Red hot art going green
Red hot art going green
With a Giacometti sculpture fetching over US$100 million at auction this week, it looks like art is still hot. Now, it’s also green.
Christie auction house’s “A Bid to Save the Earth” is slated for April 22, the 40th anniversary of Earth Day, and boasts the participation of a panoply of cultural, business and environmental leaders, from Hollywood stars Leonardo DiCaprio and Robert Redford to designer Vera Wang, activist Robert F. Kennedy and Queen Noor, the widow of Jordanian King Hussein.
“It’s a game-changer to have so many passionate and talented people link arms on behalf of the environment,” said Susan Cohn Rockefeller, who is co-chairing the event with husband David Rockefeller Jr., philanthropist and environmental activist.

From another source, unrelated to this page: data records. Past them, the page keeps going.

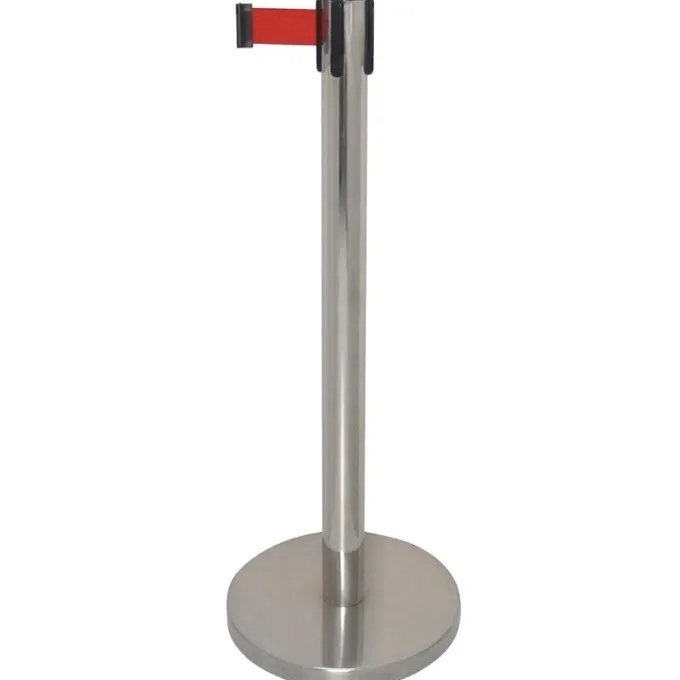 Barrière Rétractable à Sangle Rouge 3m - Bolero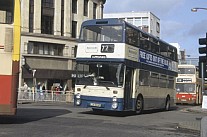 LJA604P Sheffield Omnibus Hyndburn GM Buses Greater Manchester PTE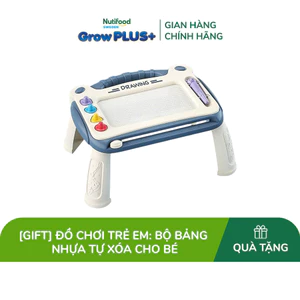 Bộ bảng nhựa tự xóa cho bé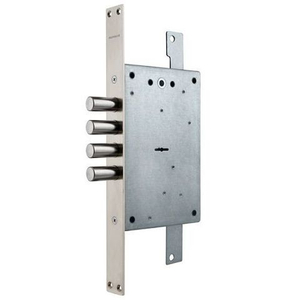 Замок врезной ГАРДИАН ЗВ 20.02 Т (5 кл. ЗК.202 Н) длинный ключ /33303/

Rockefeller cited participation from quarters as far-reaching as NBC Universal, Deutsche Bank and Barney’s New York. She cited in particular “the artists who are coming together for this cause, once again challenging, educating and inspiring us with their works.”
Maya Lin and Keith Tyson are among artists who have donated major works, with more expected to sign on.
Hugh Jackman, Christina Aguilera, David Duchovny and Candice Bergen are all donating experiences such as on-set visits, lunches or VIP concert tickets, with jewelry and luxury green travel packages rounding out the offerings.
Proceeds from the gala auction, which will be carried on Christie’s LIVE at www.christies.com, will be divided among Oceana, Conservation International, Natural Resources Defense Council and the Central Park Conservancy.
Other top stars signing on to the host committee include Harrison Ford, Ed Norton, Tobey Maguire, Brooke Shields, Salma Hayek, Sarah Jessica Parker, Cameron Diaz and Alec Baldwin.
Christie’s is waiving all fees and commissions associated with the sale, and a companion silent auction will run from April 8 to May 6 on www.abidtosavetheearth.org. Native Energy will provide carbon offsets – reduced carbon emissions to counter those associated with the event.
While the auction house could not speculate how much might be raised, charity auctions have raked in big bucks in recent years.
Riding a hot market, a sale of contemporary art spearheaded by rocker Bono and British artist Damien Hirst to benefit AIDS in Africa two years ago saw collectors open their wallets and shell out more than US$40 million, with prices far exceeding pre-sale estimates.
And while the financial crisis has struck hard, experts say the art market is well on the road to strong recovery in view of the US$104 million paid earlier this week at a London auction for Giacometti’s Walking Man I.
Raising awareness and stimulating even small donations to environmental concerns is a chief goal of the event, organisers said.
Accordingly, those on a more modest budget will be able to grab a piece of the action, with fashion mecca Barney’s New York offering a series of specially designed US$40 T-shirts as a tie-in with the event.
Naturally, they’re 100 certified organic cotton.